Page 1 of 1

A special case in bytes decode function

Posted: Sun Nov 05, 2017 8:53 am
by swanduron
I try to convert a bytes to str, but uPy gives some unreasonable result as below, anyone can explain this case?

uPY 1.9.2

Code: Select all

>>> b'\xa5'.decode()
'%'
>>> b'\xa5'.decode() == '%'
False
>>> b'%'.decode() == '%'
True
General PY 3.5.2

Code: Select all

>>> b'\xa5'.decode('utf8')
Traceback (most recent call last):
  File "<pyshell#22>", line 1, in <module>
    b'\xa5'.decode('utf8')
UnicodeDecodeError: 'utf-8' codec can't decode byte 0xa5 in position 0: invalid start byte

Re: A special case in bytes decode function

Posted: Sun Nov 05, 2017 9:05 am
by swanduron
Sorry for my mistake, my question is, why the b'\xa5' is not equal with char '%'? and, why b'\xa5' can not be decoded by any coding in general Python.

Re: A special case in bytes decode function

Posted: Sun Nov 05, 2017 10:03 am
by deshipu
A bytes object is not equal to a string object, because they have different types.

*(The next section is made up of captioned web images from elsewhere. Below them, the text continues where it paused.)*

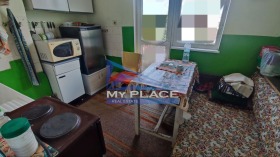 1 bedroom Tsentar, Shumen 3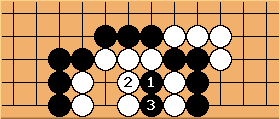 [Diagram]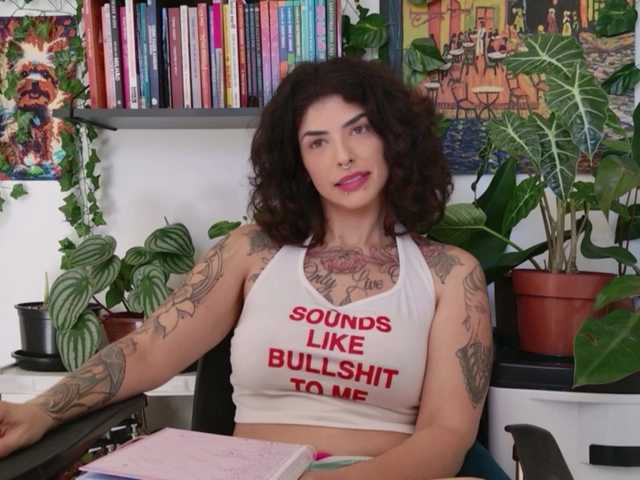 Preview of talimajesty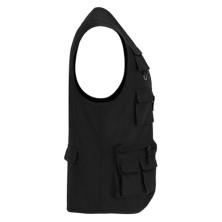 CHALECO ROLY VENERA 9111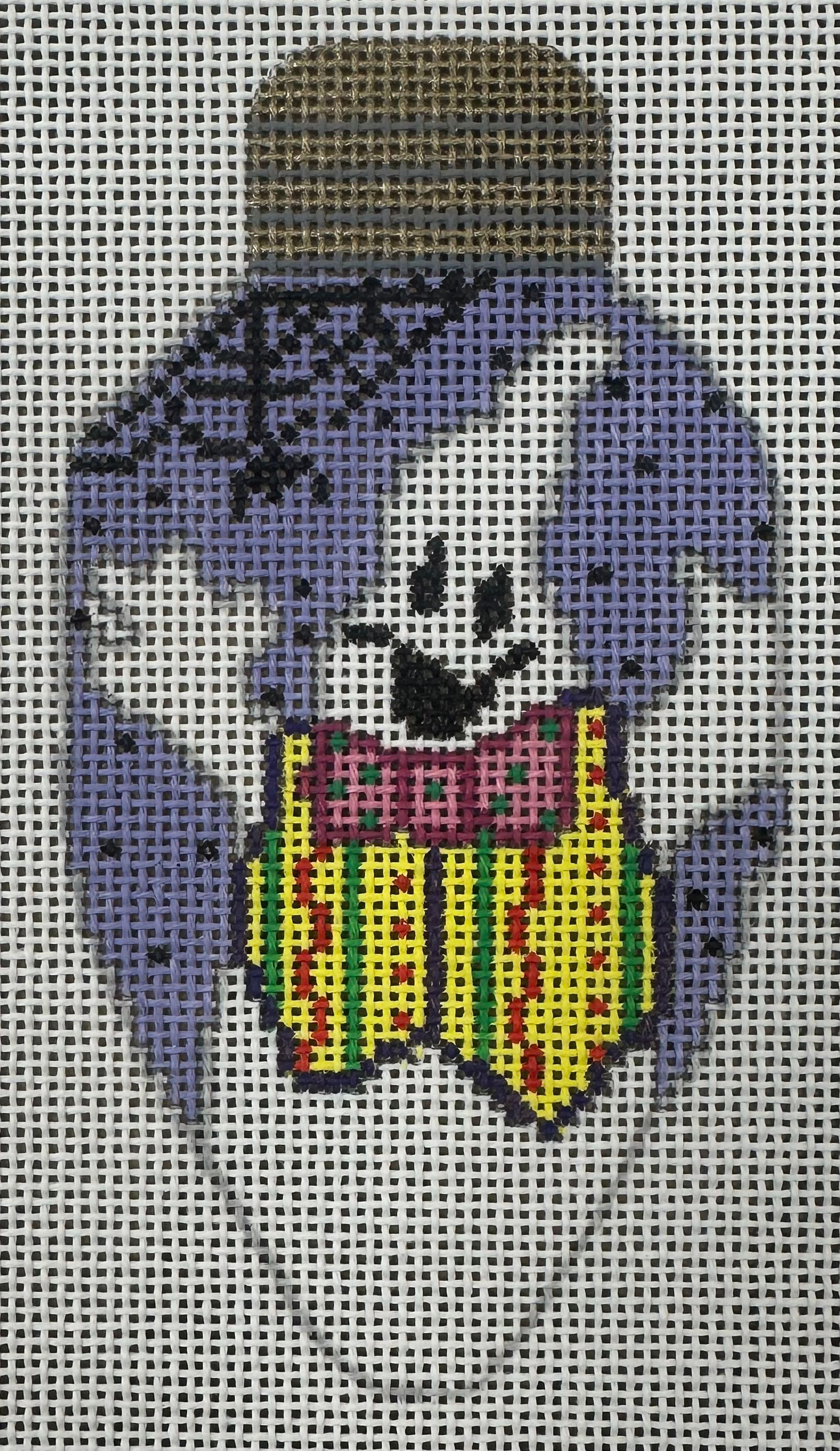Ghost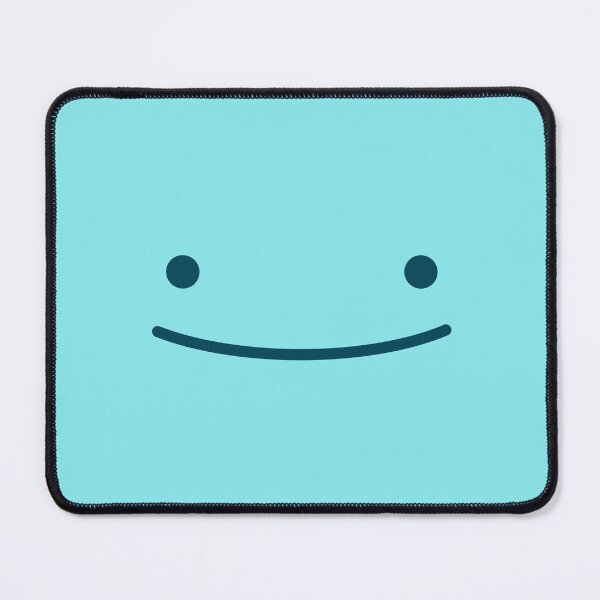 Item preview, Squirt Ditto designed and sold by Harry Draws Straws.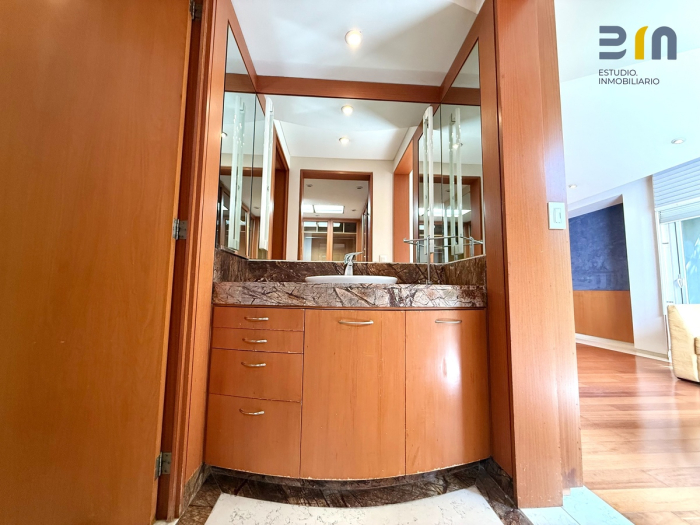 casa en venta tlalpan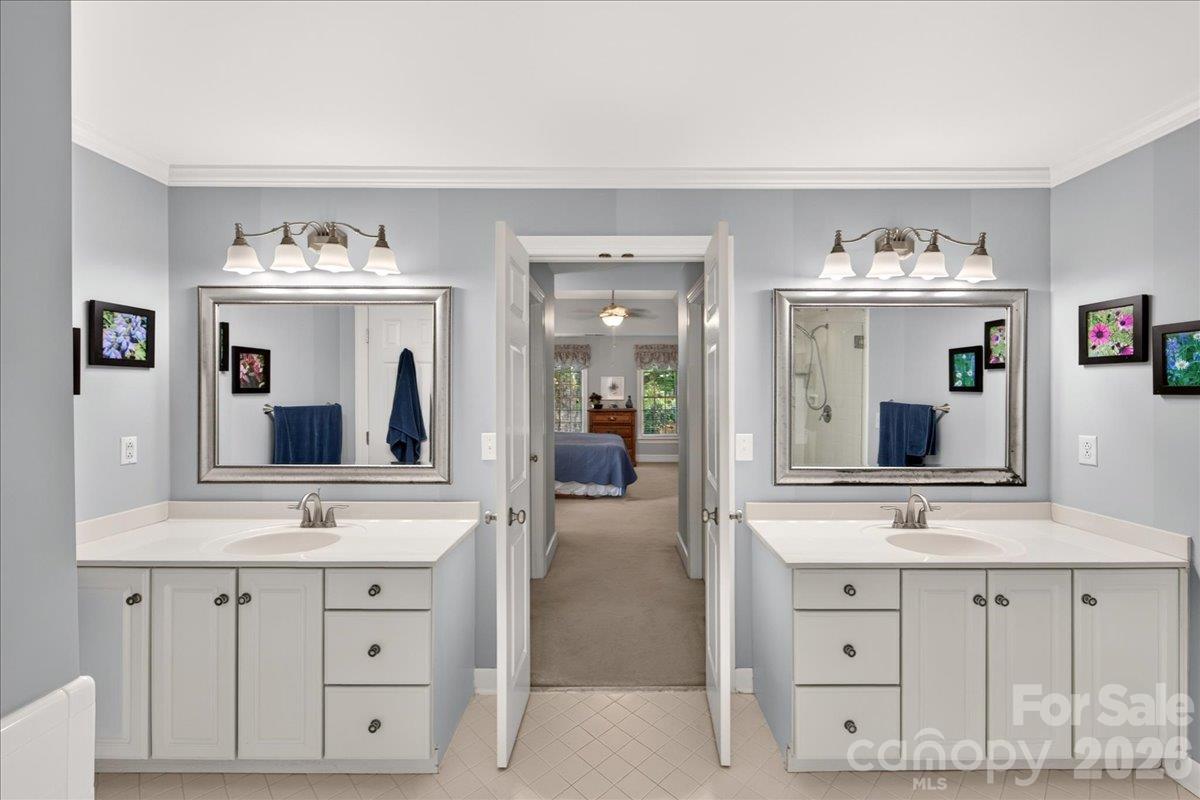 5919 Derry Hill Place Property Photo 30
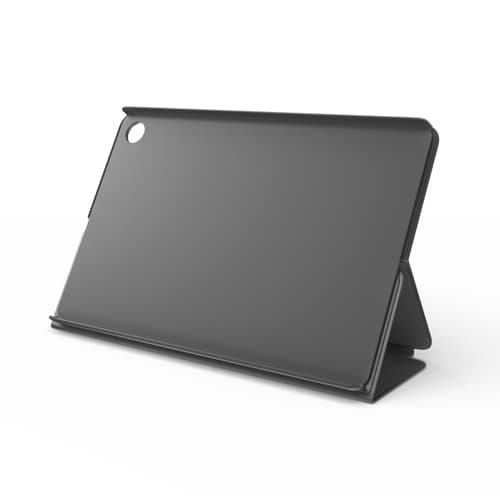 *Non Cancellable/Non Returnable (NCNR)* LENOVO FOLIO CASE FOR LENOVO TAB — view 4
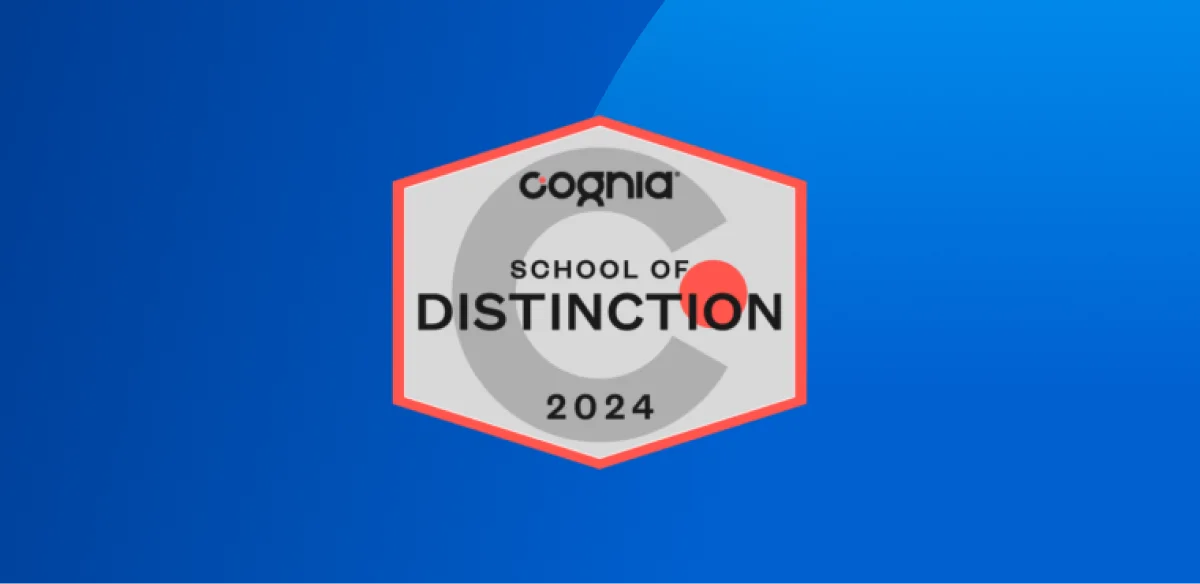 cognia logo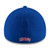 Chicago Cubs On-Field Diamond Era 39THIRTY Flex Hat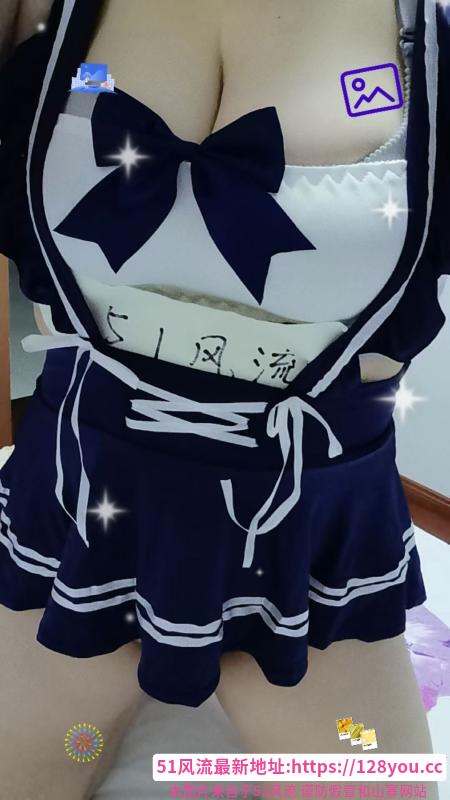 姑苏馒头B露西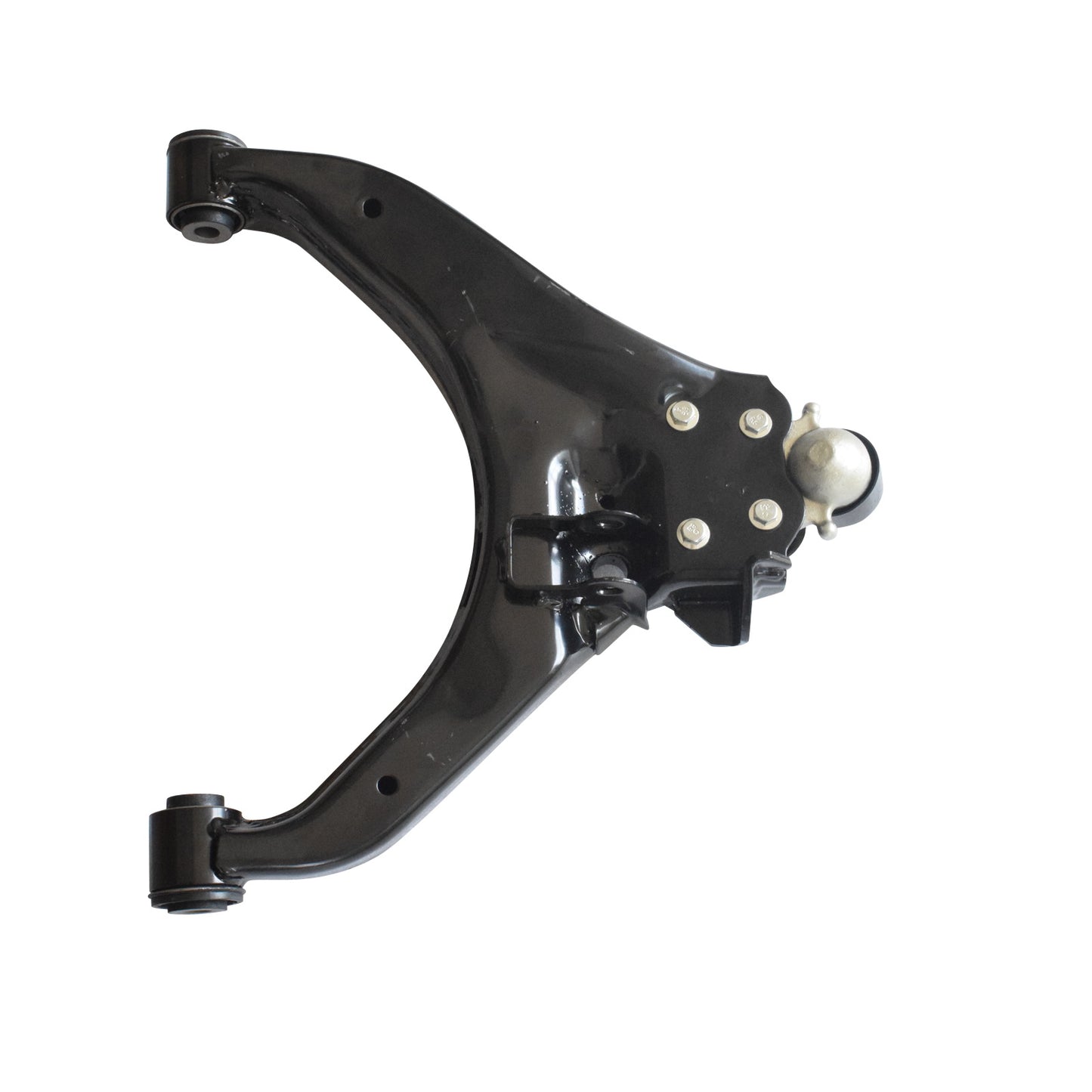 Front Lower Control Arm Left Hand Side Fit For Holden Colorado Trailblazer RG Isuzu Dmax TFS Mux 4WD LDV T60 2012-ON 8979458441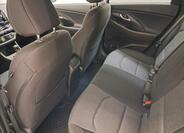Hyundai i30 10
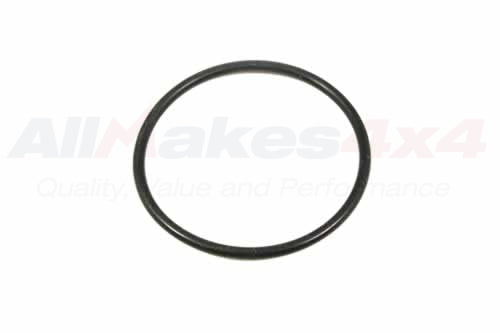 FRC5473 - O-Ring – Diff Lock – LT230 Steering or Suspension Part Land Rover Range Rover Defender, Discovery, Range Rover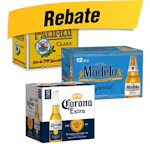 $5.00 REBATE via PayPal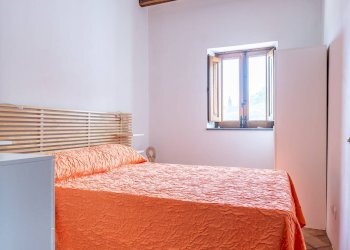 Foto 14 - Three-room apartment Via Umberto I
 
14, Santa Marina Salina - photo 14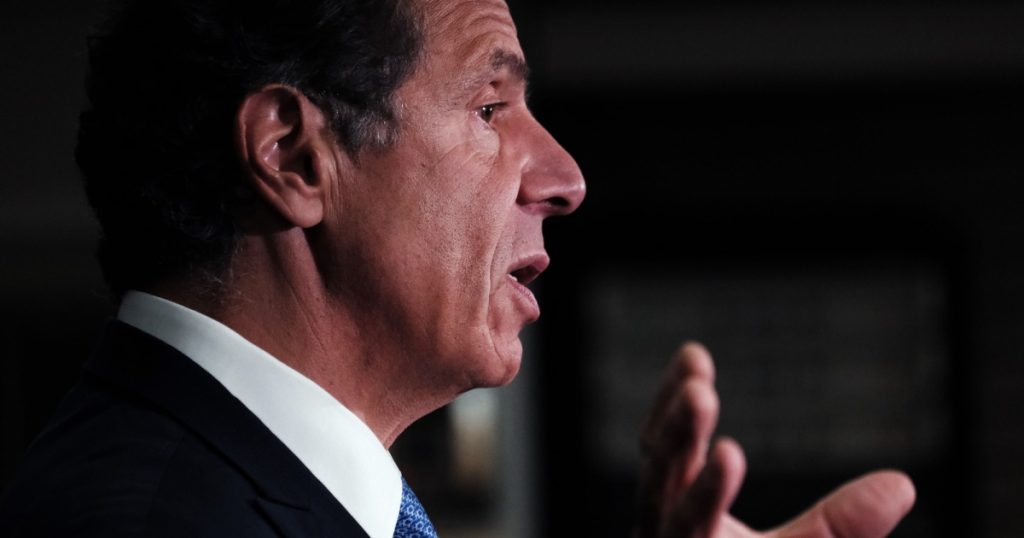 andrew-cuomo-has-been-charged-with-a-misdemeanor-sex-crime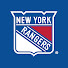 TSQQj_nxCH4-channel-avatar-New York Rangers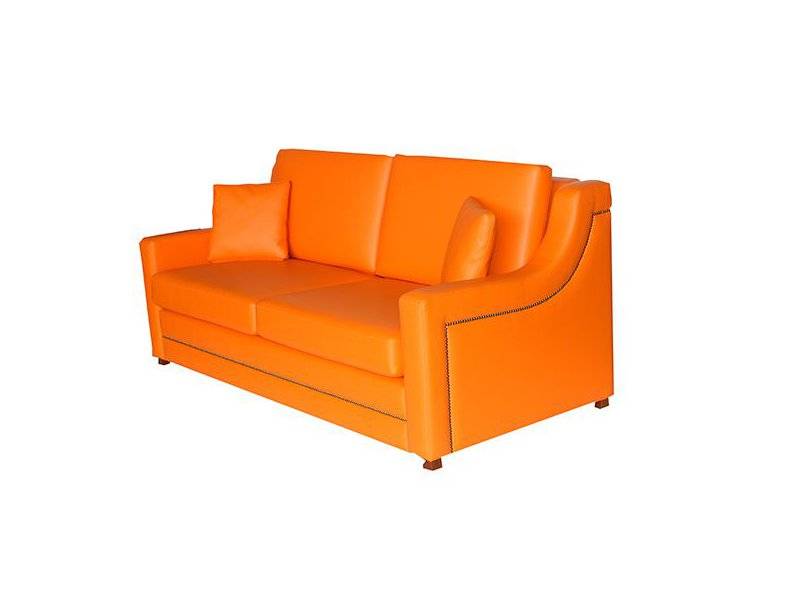 прямой диван akn-5324 в Нижневартовске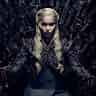 Avatar of Mother Of Dragon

Python3 can't decode bytestring b'\xa5', because that byte signifies a start of a multi-byte sequence in utf8, and should be followed by more bytes specifying what character it actually is. MicroPython doesn't care, because its utf8 support is very rudimentary and hacky, due to size constraints.

Does that make sense?

Re: A special case in bytes decode function

Posted: Mon Nov 06, 2017 3:26 pm
by pfalcon

Code: Select all

$ micropython 
MicroPython v1.9.3-32-g7434a67a5-dirty on 2017-11-05; linux version
Use Ctrl-D to exit, Ctrl-E for paste mode
>>> b'\xa5'.decode()
Traceback (most recent call last):
  File "<stdin>", line 1, in <module>
UnicodeError: 

Re: A special case in bytes decode function

Posted: Mon Nov 06, 2017 5:05 pm
by dhylands
You get something similar in Python3:

Code: Select all

Python 3.5.3 (default, Sep 24 2017, 15:18:48) 
[GCC 5.4.0 20160609] on linux
Type "help", "copyright", "credits" or "license" for more information.
>>> b'\xa5'.decode()
Traceback (most recent call last):
  File "<stdin>", line 1, in <module>
UnicodeDecodeError: 'utf-8' codec can't decode byte 0xa5 in position 0: invalid start byte
>>> 
Rather than trying to convert b'\xa5' to a character (which you can't since b'\xa5' isn't a valid unicode character) why don't you just compare to b'%' ?